The strongest storms of the season attained Category 4 intensity; two of the major hurricanes formed in the western Caribbean Sea and affected the United States in late September and October. A minimal hurricane struck southern Louisiana on September 4, causing tides of 5 ft (1.5 m) and winds of 78 mph (126 km/h) in New Orleans. A minimal tropical storm made landfall near Destin in July. An intense hurricane attained Category 4 strength and produced extensive damage and 100 mph (160 km/) wind gusts on Bermuda in mid-September. A Category 4 hurricane struck the Florida Keys and the Everglades in September, resulting in $12 million of damages in the state. After the passage of one week, another hurricane affected the region as a Category 2 storm, after crossing Cuba with winds of 125 mph (200 km/h). Only three direct fatalities occurred in the United States, largely because of improved evacuations and adherence to warnings and advisories.
The season's activity was reflected with an accumulated cyclone energy (ACE) rating of 95. ACE is, broadly speaking, a measure of the power of the hurricane multiplied by the length of time it existed, so storms that last a long time, as well as particularly strong hurricanes, have high ACEs.
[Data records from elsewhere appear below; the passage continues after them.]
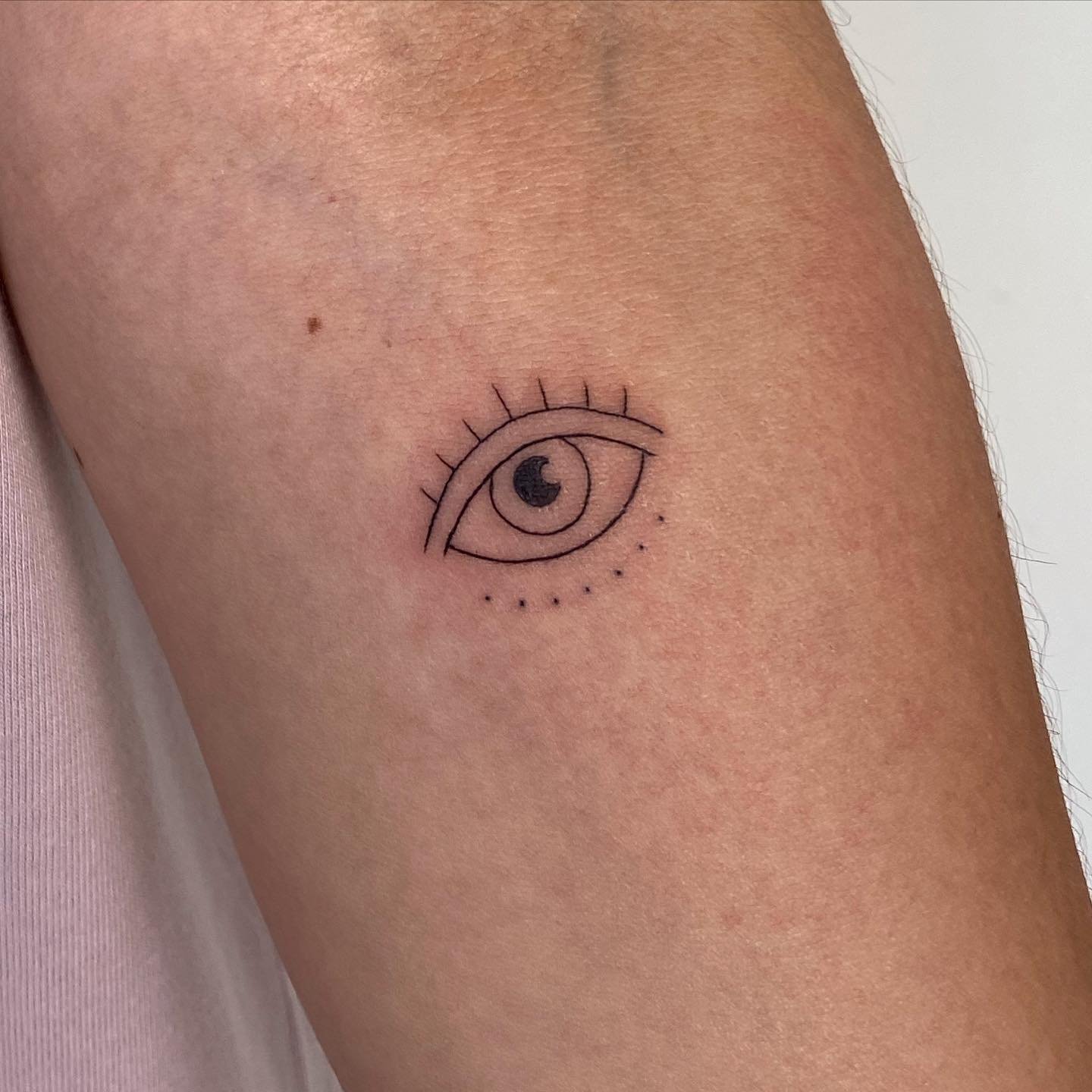 Tatuaje de ornamental en antebrazo, línea fina Sinkply Madrid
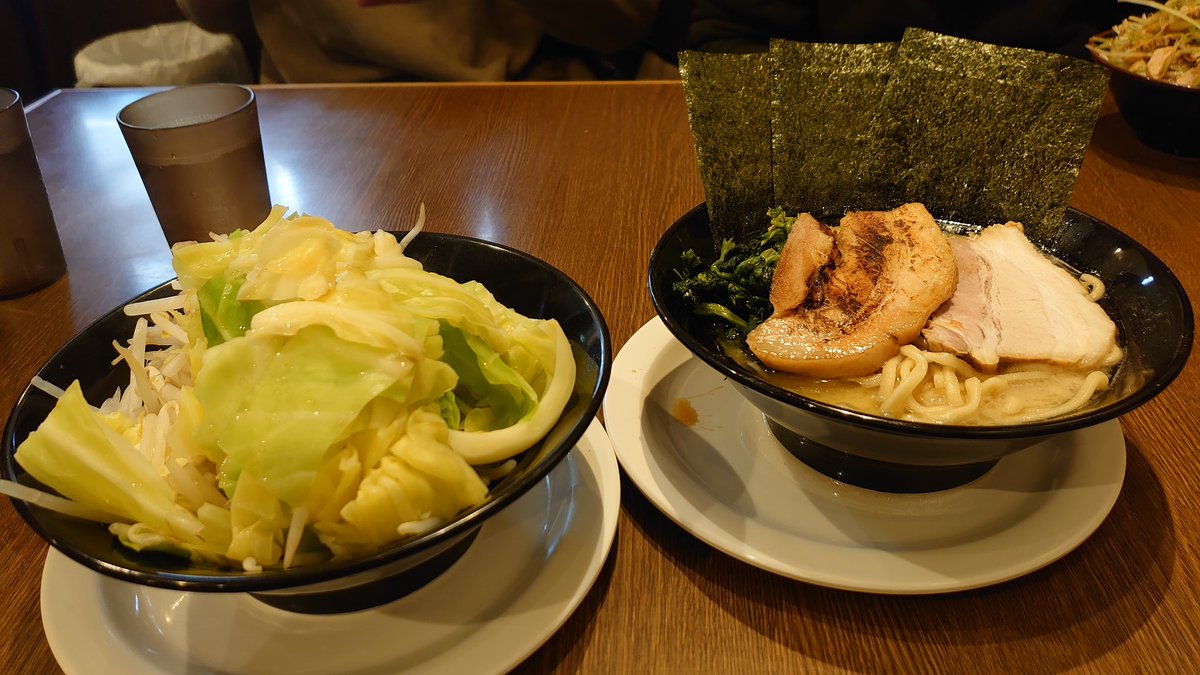 Suzucolle's tweet photo. #suzucolleラーメンカウンター
2021年一発目 https://t.co/FtPwoLRZn5
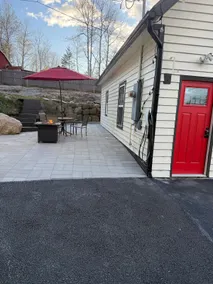 Cozy Modern Home  - Image 2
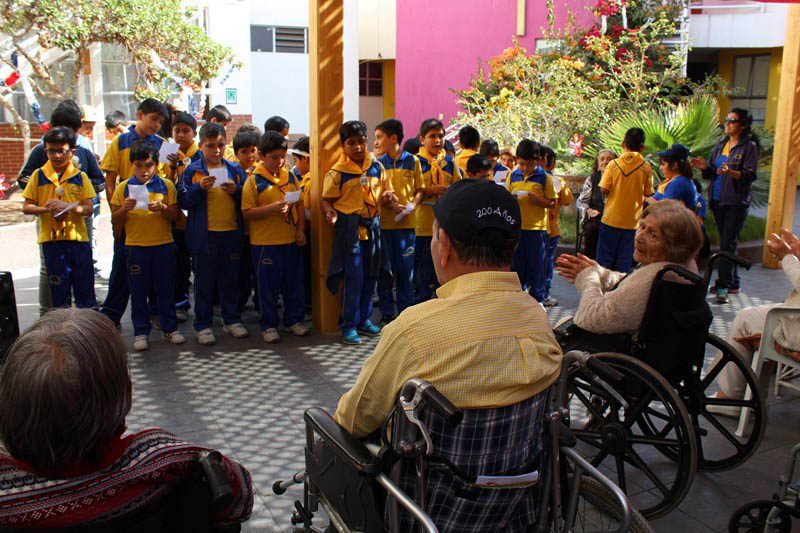 Infancia Misionera Salesiana regaló un grato momento a abuelitos de Iquique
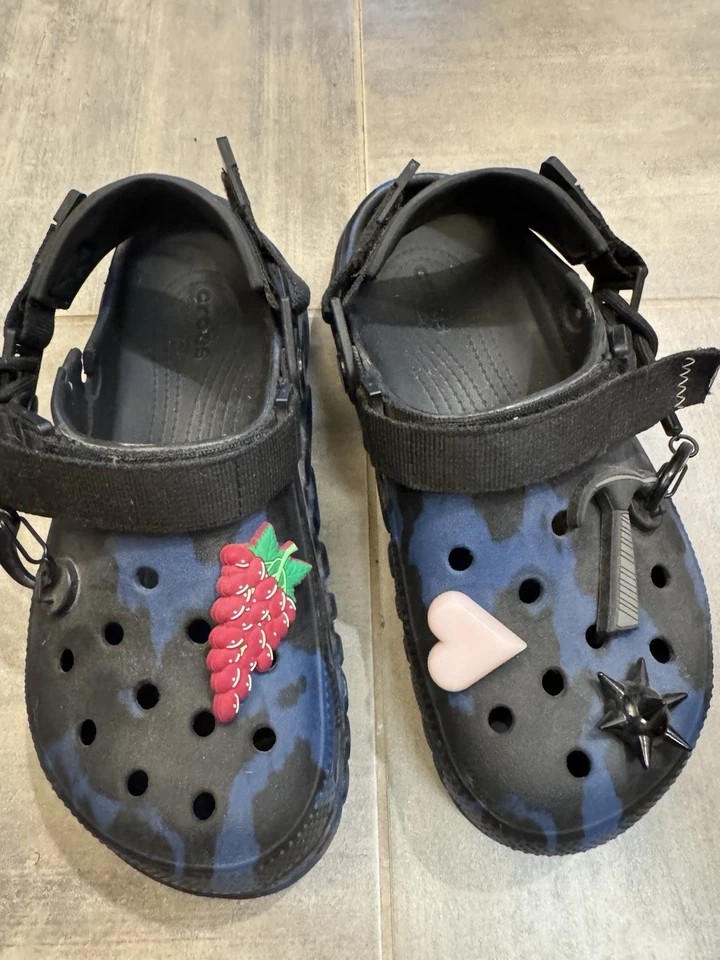 Zueco Crocs Duet Max Post Malone negro y azul talla 8 con dijes Foto 4 de 4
It is only calculated for full advisories on tropical systems at or exceeding 39 mph (63 km/h), which is tropical storm strength.
A broad area of low pressure in the central Caribbean Sea developed into a tropical depression early on May 22. The circulation moved northward, and it made landfall in southwest Haiti around 1200 UTC with winds of 35 mph (56 km/h). Over the next day, the system crossed Hispaniola and the Turks and Caicos Islands with winds unchanged. Turning to the northeast, it strengthened into a tropical storm at 1200 UTC on May 24 while over the southwest Atlantic. Shortly afterward, the tropical cyclone turned to the north. On May 25, the storm's forward motion slowed to a crawl; within a few hours, the storm attained its estimated peak intensity of 50 mph (80 km/h), as reported by reconnaissance aircraft, though no ships reported gale-force winds. The next day, the cyclone started to weaken, and on May 27, the system began to accelerate northward. The system diminished to a tropical depression on May 29 shortly prior to dissipation.
The tropical system brought heavy precipitation to Hispaniola, and widespread flooding took place across the region. In Dominican Republic, the capital city of Santo Domingo (then known as Ciudad Trujillo) was impacted significantly, where 9 in (229 mm) of rain fell in 24 hours. More than 20 bridges were swept away, isolating the city from the rest of the country. Several people went missing in the floodwaters and it is estimated that 80 people died. The storm ranks as the deadliest Atlantic tropical cyclone to form in the off-season.
After nearly two months of inactivity, an area of disturbed weather developed in the northern Gulf of Mexico. The area organized into a tropical depression over the north-central Gulf of Mexico on July 7. The depression strengthened slightly and became a weak tropical storm early on July 9, when it peaked with maximum sustained winds of 40 mph (65 km/h). Several hours later, the system made landfall east of Pensacola, Florida, but quickly weakened to a depression as it moved inland. The remnants moved north through southeastern Alabama on July 10, and the circulation dissipated over southern Tennessee on July 11. The system produced minimal effects along the Florida Panhandle. Winds of 35 mph (56 km/h) were measured at Pensacola during the passage of a thunderstorm, and the tropical cyclone caused heavy precipitation over northern Florida, southern Alabama, and southern Georgia. Overall damage was minimal.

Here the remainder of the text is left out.